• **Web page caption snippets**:
○ ○ ○ ○ ○ ○ ○
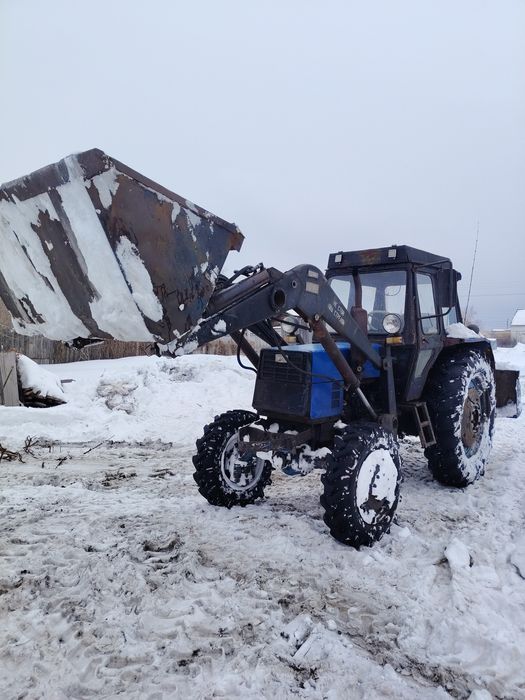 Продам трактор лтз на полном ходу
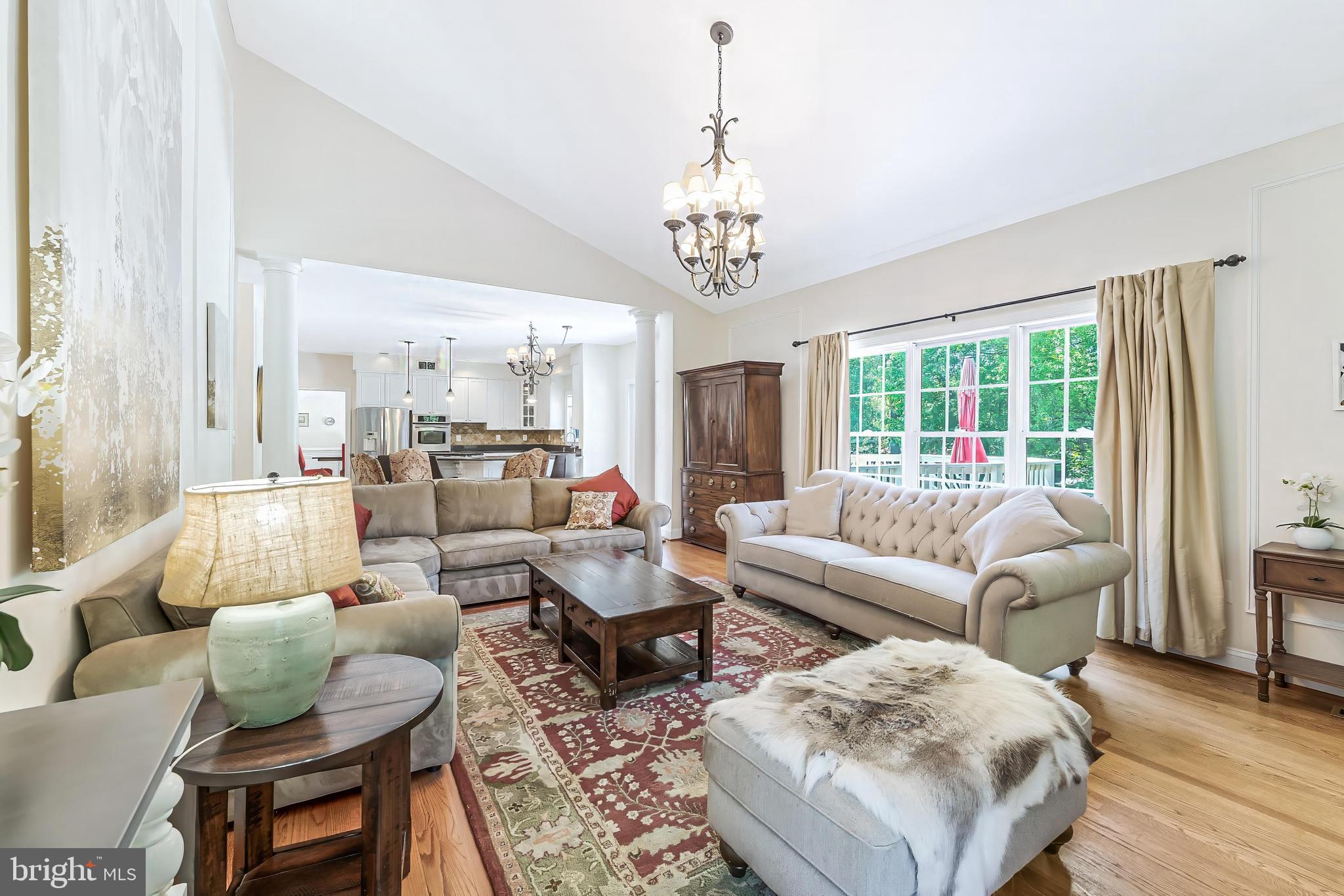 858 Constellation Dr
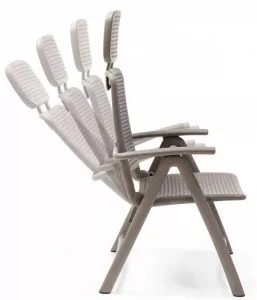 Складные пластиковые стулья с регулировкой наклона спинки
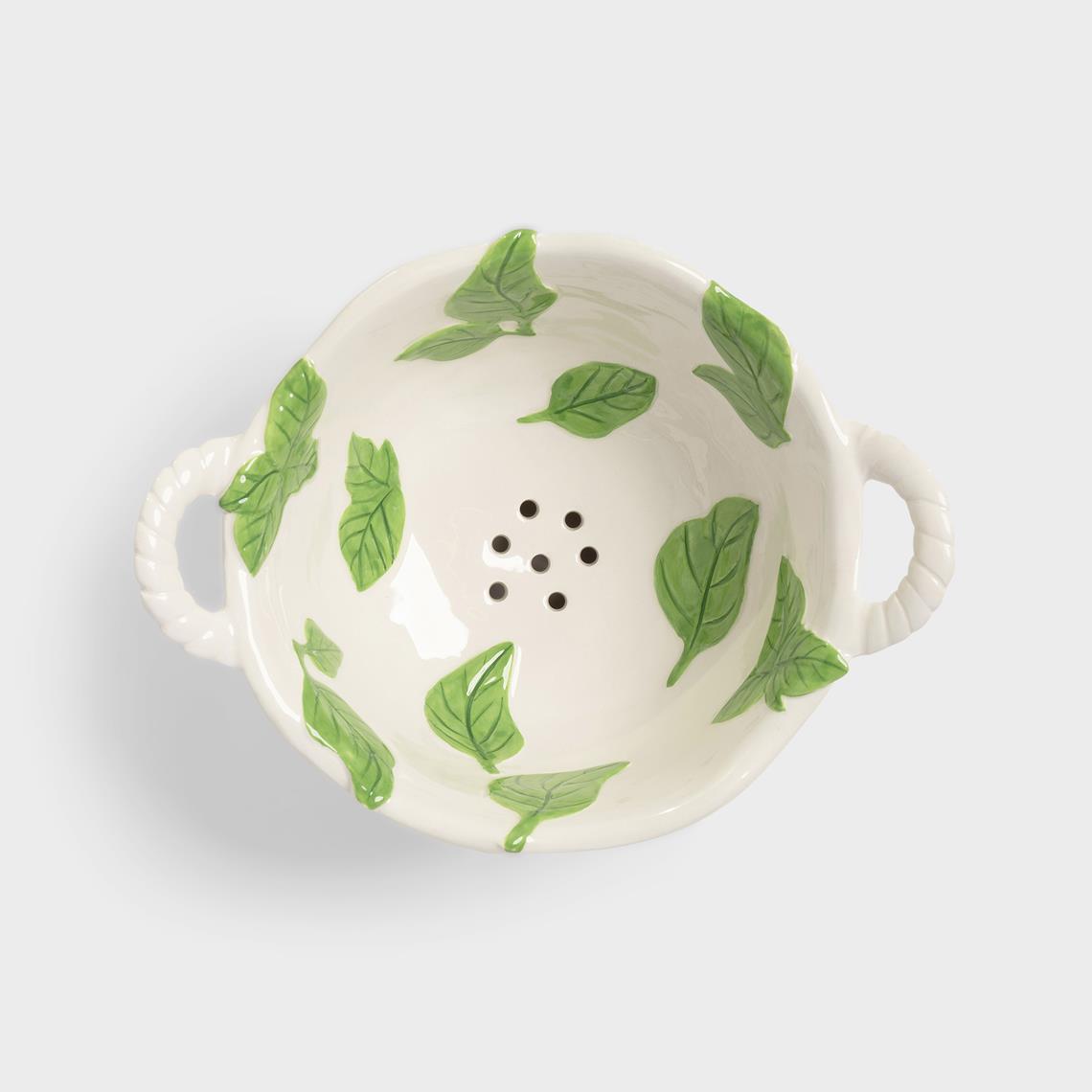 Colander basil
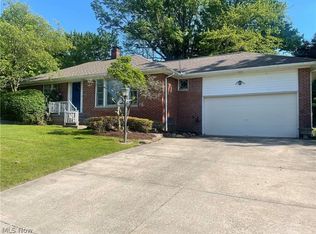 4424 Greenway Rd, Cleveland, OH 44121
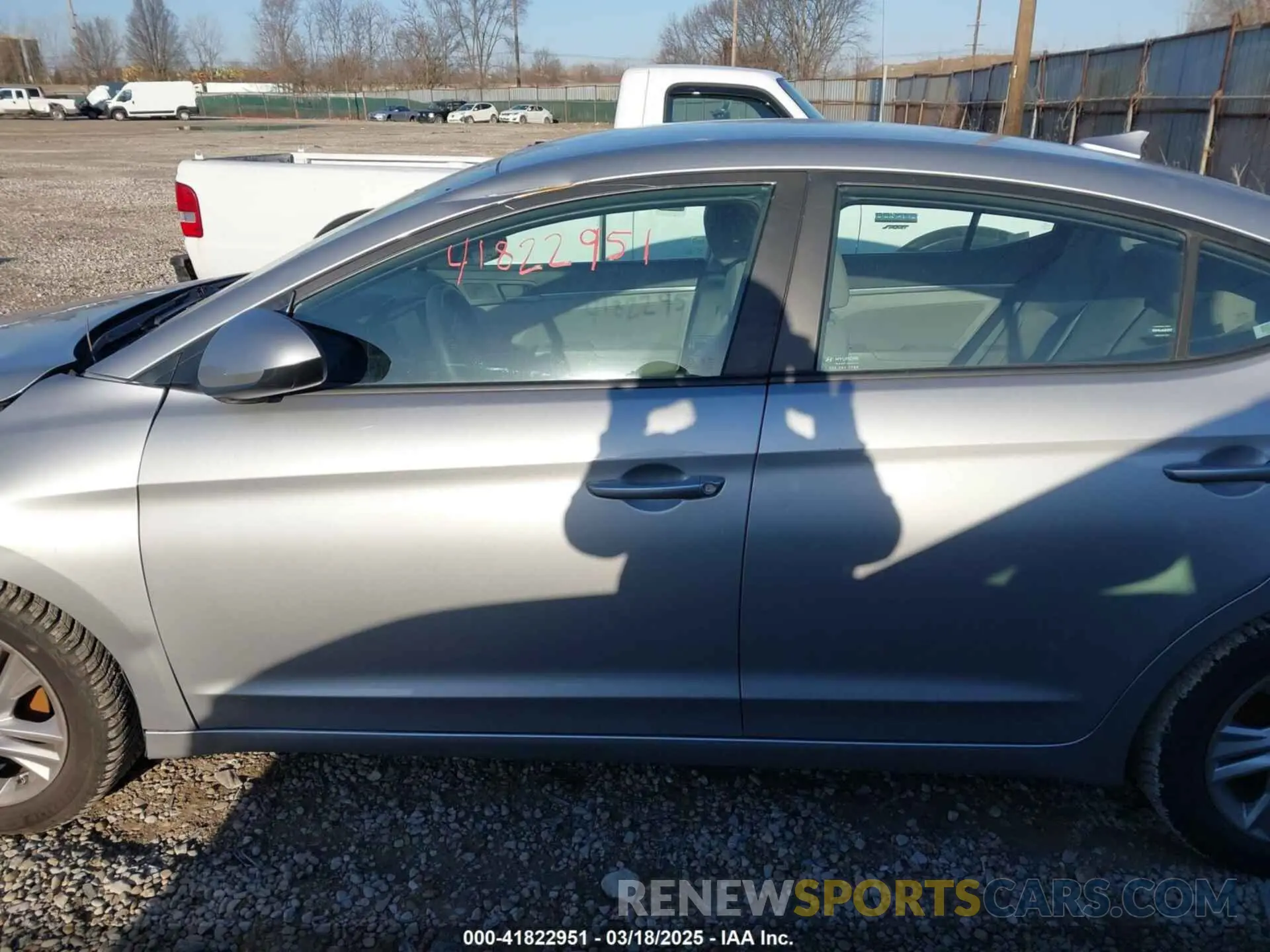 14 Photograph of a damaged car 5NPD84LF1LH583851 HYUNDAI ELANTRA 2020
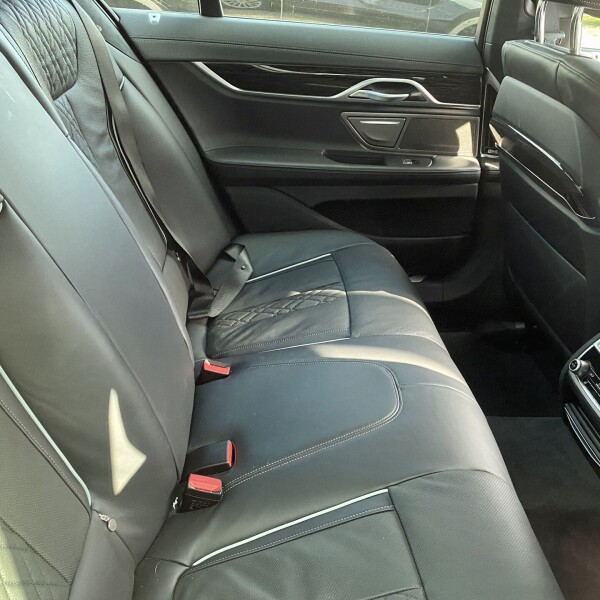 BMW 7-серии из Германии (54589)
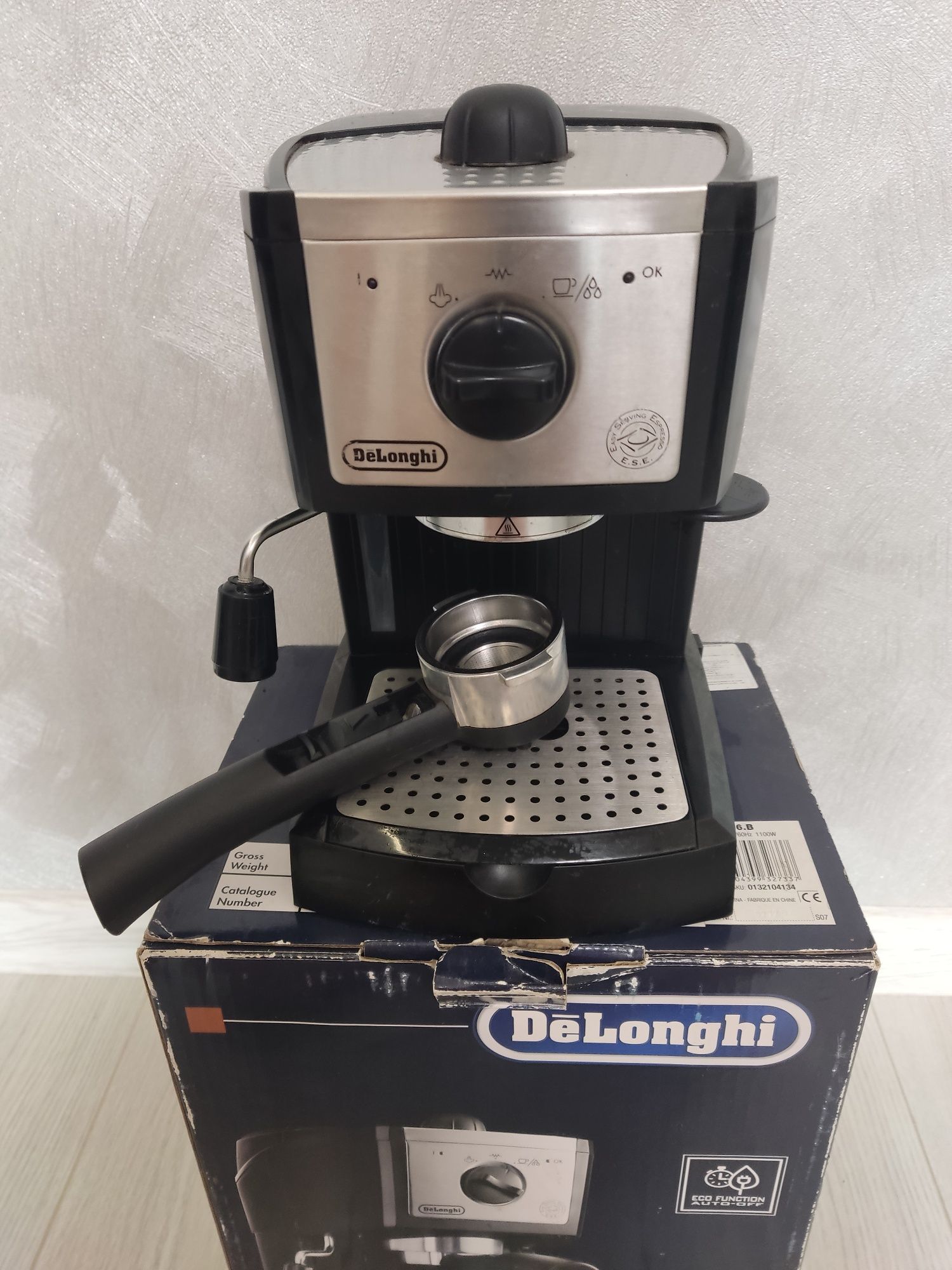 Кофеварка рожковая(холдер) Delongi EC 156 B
○ ○ ○ ○ ○ ○ ○
• **INSTRUCTIONS FOR THE TASK**: The records must appear again word for word, though none of their pictures should.

• **EXERCISE RESPONSE**:
 Продам трактор лтз на полном ходу
 858 Constellation Dr
 Складные пластиковые стулья с регулировкой наклона спинки
 Colander basil
 4424 Greenway Rd, Cleveland, OH 44121
 14 Photograph of a damaged car 5NPD84LF1LH583851 HYUNDAI ELANTRA 2020
 BMW 7-серии из Германии (54589)
 Кофеварка рожковая(холдер) Delongi EC 156 B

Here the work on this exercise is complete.